Wednesday, 20 January 2010

More on achieving great art for everyone

Here's what I wrote for Arts Council England's consultation microsite, as mentioned previously. It's the first of a series of think pieces they are commissioning from various opinionated people to keep the debate lively.

I've been privileged to spend much of the last year debating how to achieve great art for everyone, so this consultation period is very exciting, and not a little nerve-wracking. I feel very attached to it, even though I am one of the people leaving the Arts Council in March and my colleagues will take our work forward. I want to highlight two areas where responses might be especially useful to them, although there are many more ideas in the consultation worthy of deep consideration.

Firstly, the need for shared purpose around a set of clear goals, delivered by collaborative effort with the whole sector and beyond, is powerfully articulated.
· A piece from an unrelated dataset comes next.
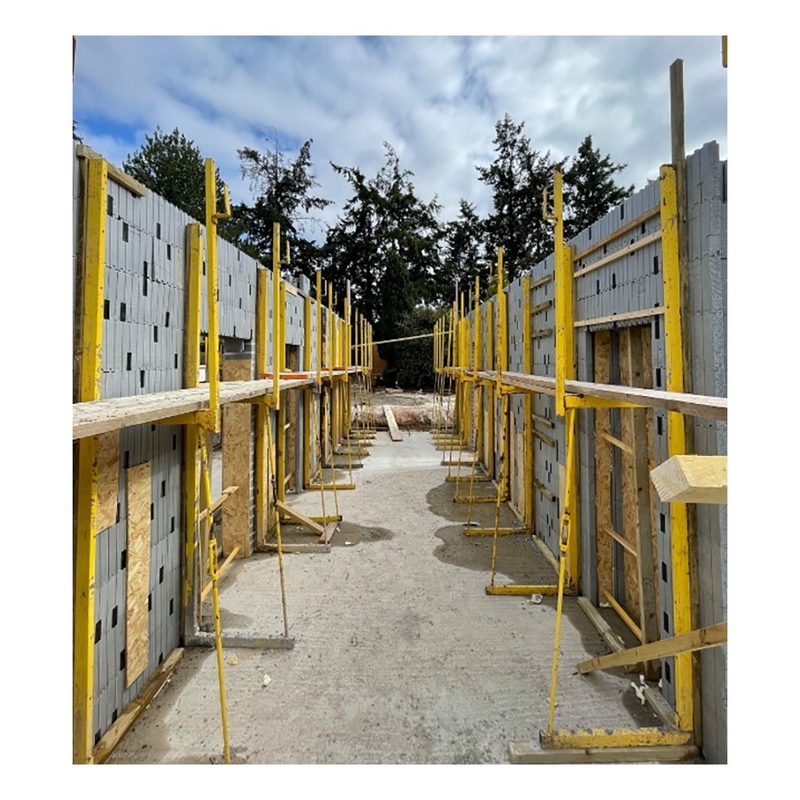 Support de mur ICF en acier de couleur personnalisé pour la construction en épaisseur de 2 mm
If funders and arts organisation and partners can get behind the things that unify them and focus on making the sector more productive and resilient, we will all benefit. I welcome the goals - but they will undoubtedly be improved further with input.
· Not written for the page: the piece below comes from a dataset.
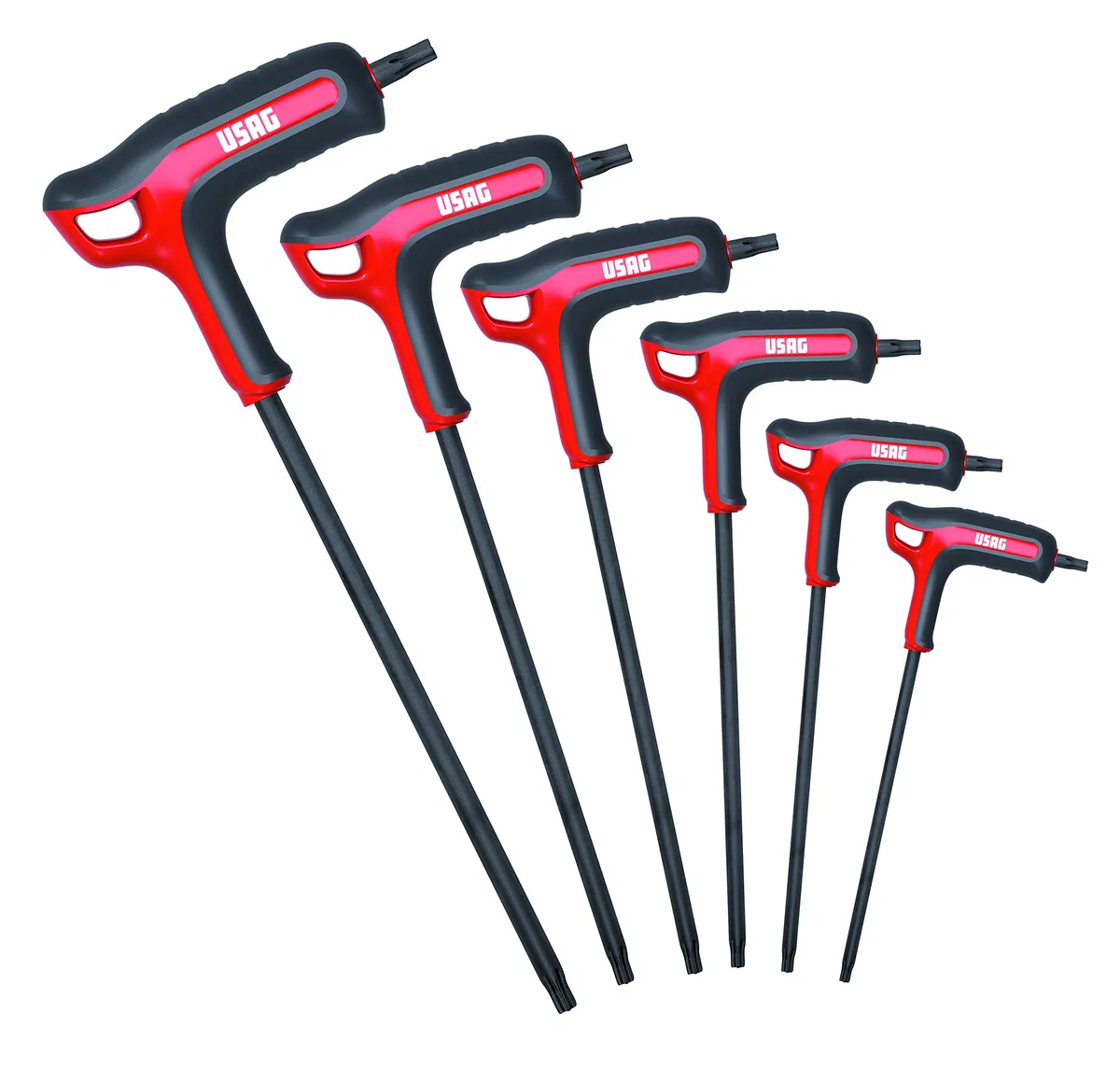 Usag U02800464 Serie de 6 llaves curvadas con empuñadura de tornillo con impresión TORX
By focusing on our collective impact as a sector, having a shared 'big picture' to refer to when things get fraught, we can, perhaps paradoxically, give each other more 'space', worry less about irritating detail, and generally be more forgiving and less adversarial. (Does that sound like a truism about a marriage? Perhaps that's not coincidental.)

Secondly, there are important ideas here about how funding is invested. Proposals are made such as fixed term funding for organisations and greater use of 'strategic commissioning'. This opens up an urgent conversation, which the experiences and views of 'the funded' will shape. The model of either regular or project funding, plus the fabled and rather obscure 'managed funds' is now neither flexible nor strategic enough.
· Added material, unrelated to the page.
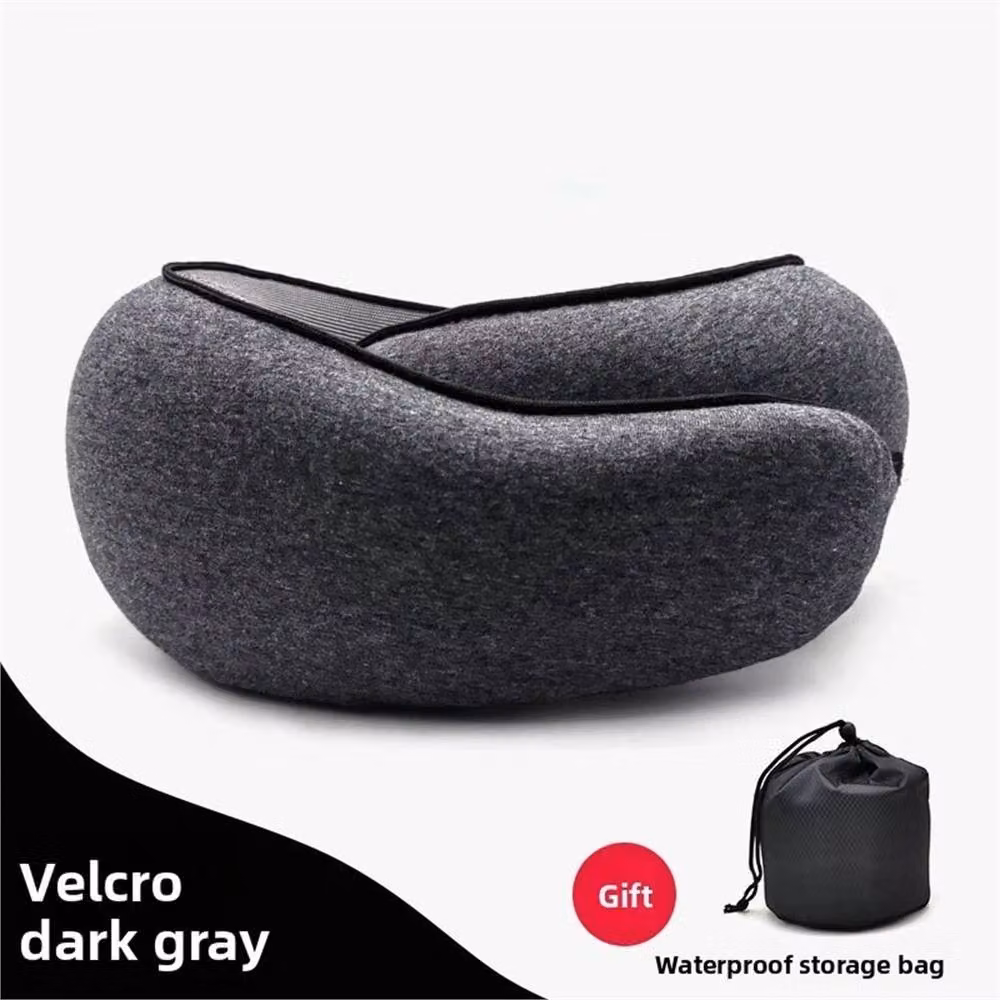 Nordara Dark Grey U-Shaped Memory Foam Travel Pillow for Adults – 2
I would urge colleagues to expand the suite of investment mechanisms to include loans for organisations, tools such as Own Art and Take it away that encourage individuals to spend their own money on art at full cost, and much more funding than at present invested in building arts businesses to a point where they have a range of reliable income sources. It is vital that new talent is supported, but it is equally important they do not become as dependent and over-focused on Arts Council funding as some of their elders. The sector, however, will need to grapple with a deeply ingrained instinct to look for 'support' rather than 'income' or 'investment', and the implications of changing the paradigm.

Shared purpose does not, then, mean there will be no challenges and differences. It's our diversity that makes shared purpose so productive, not adopting a single way of doing things, I believe. So share your thoughts. I hope the team who've toiled so painstakingly so far, are given an equally big task reading your consultation responses.